I evaluated the σ = 0.5-trained denoiser on held-out test digits across unseen noise scales of 0.0, 0.2, 0.4, 0.5, 0.6, 0.8, and 1.0. Using a fixed batch and seed, each digit was noised at a given σ then passed through the trained UNet. The model generalizes cleanly for σ at or below 0.5, retains legibility at 0.6 with mild blur, and degrades at 0.8 to 1.0 where inputs are nearly pure noise. Performance peaks near the training σ and falls off smoothly as the gap widens.
I retrained the same UNet to map pure Gaussian noise ε from N(0, I) directly to clean MNIST digits for 5 epochs with batch size 256 and Adam lr = 1e-4. Inputs are sampled noise and targets are clean digits. The model learns a deterministic "centroid" of the training set under MSE. Early outputs are blurry digit-like blobs, and later epochs sharpen strokes but still average across modes.
I injected normalized scalar time t in [0, 1] with two small FCBlocks and used them to modulate decoder features. An FCBlock is Linear then GELU then Linear. The time t goes through fc1_t to scale the bottleneck after unflatten, and fc2_t to scale the first up block. This preserves the original down/skip path while letting time control the flow field prediction.
I trained the time-conditioned UNet to predict the flow x1 - x0 on MNIST. For each batch, I sample t from U[0,1], draw x0 from N(0,I), mix xt = (1-t)x0 + t x1, and minimize MSE between predicted flow uθ(xt, t) and target x1 - x0. I used batch 64, D = 64, Adam lr = 1e-2, and ExponentialLR with gamma = 0.1^(1/num_epochs) for 5 epochs.
I sample MNIST digits by starting from pure Gaussian noise x0 ~ N(0, I) and running the Euler sampler from Algorithm 2 for T uniform steps t = 0 → 1. At each step I query the trained time-conditioned UNet for the flow uθ(xt, t) and update xt+1 = xt + (1/T) · uθ. After T steps the final xT is decoded as an image. I reuse the same sampler while loading checkpoints after different training epochs to see how sample quality evolves.
I extended the time-conditioned UNet with class conditioning by adding two more FCBlocks (fc1_c and fc2_c)
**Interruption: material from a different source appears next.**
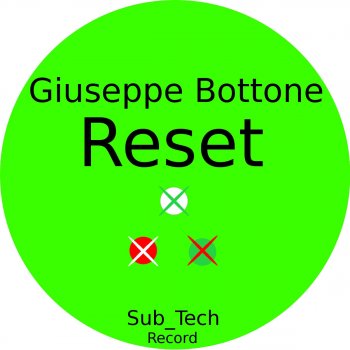 Giuseppe Bottone Lamento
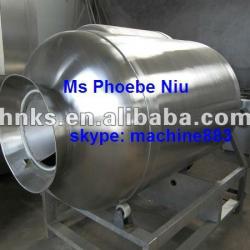 stainless steel meat rolling and kneading machine 0086 15238020669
that take a one-hot encoded class vector c from 0 to 9 as input. The class is converted to a 10-dim
one-hot vector and passed through each FCBlock to produce modulation vectors c1 and c2. These combine
with time modulations as: bottleneck = c1 * unflatten + t1 and
up1 = c2 * up1 + t2. This lets class information scale features while time shifts them.
I trained the class-conditioned UNet with the same hyperparameters as the time-only version: batch 64, hidden dim D = 64, Adam lr = 1e-2, and ExponentialLR decay with gamma = 0.1^(1/num_epochs) for 10 epochs. The key addition is the 10% class dropout (p_uncond = 0.1) applied per-sample each batch, which prepares the model for classifier-free guidance at inference.
class_fm_forward which samples t from U[0,1], mixes noise with clean images,
randomly masks class conditioning, and minimizes MSE on predicted flow.
I sampled from the class-conditioned UNet using classifier-free guidance with γ = 5.0. At each Euler step, I run two forward passes: one with class conditioning (mask = 1) and one unconditional (mask = 0). Then I blend flows as u = uuncond + γ(ucond - uuncond). For each digit 0 to 9, I generate 4 samples to produce a 4x10 grid that shows controllability across all classes.
To remove the exponential learning rate scheduler while maintaining performance, I lowered the constant learning rate from 1e-2 to 1e-3. The scheduler originally decayed lr from 1e-2 down to about 1e-3 over 10 epochs. A fixed 1e-3 approximates the average effective rate and avoids early instability from a high initial lr. The resulting samples below are comparable in quality, demonstrating that simplicity can match scheduled training when the constant lr is chosen appropriately.